地震防災をテーマにした神奈川県立西湘高校の《調べ学習》Part2
3)避難生活サバイバル もいちどチェック!
せっかく助かった命をどのように守るか
地震発生後、ようやく避難所におちついて…。とりあえず、被災直後は、学校や公民館に身をよせることになる。仮設住宅が建設されたり、自宅に電気などが復旧するまでのあいだ、暑さ寒さをどうしのぐかが勝負だ。余震の不安のなか、せっかく助かった命をどのように守っていくか。避難生活の知恵を考えてみよう。キャンプやアウトドアの達人、神奈川県総合防災センターの杉山考・企画運営課副主幹に取材した内容を中心にまとめました。(担当=穂坂奈緒子、大島美帆、中戸川かおり)
■衣…暑さ寒さをしのぐ工夫!
■食…不便な中でもおいしく食べよう!
■住…アイデア次第で快適に住む!
■医…できる処置は自分達で!
■暮…通学、通勤、買い物を便利に!
【写真右】避難所では、多くの人との集団生活。電気やガスも自由には使えない。
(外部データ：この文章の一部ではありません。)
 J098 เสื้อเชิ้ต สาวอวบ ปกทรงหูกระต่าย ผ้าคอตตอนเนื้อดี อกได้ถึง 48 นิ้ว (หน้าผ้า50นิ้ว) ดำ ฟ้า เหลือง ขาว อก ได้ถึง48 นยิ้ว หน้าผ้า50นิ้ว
(1995年1月27日 神戸大学国際文化学部体育館で 神戸大学ニュースネット委員会提供)
《衣…暑さ寒さをしのぐ工夫!》
・ビニールシートはテントの代わりや風よけなどの多種多様に使えるので便利である。
・布団が無い場合はロールマットやダンボール、枯れ葉を集めたものを敷くだけでも暖かさが違う。
・防寒具として地肌に黒いビニール袋や新聞紙を切ったものを着て、その上に洋服を重ね着すると、とても暖かいので役に立つ。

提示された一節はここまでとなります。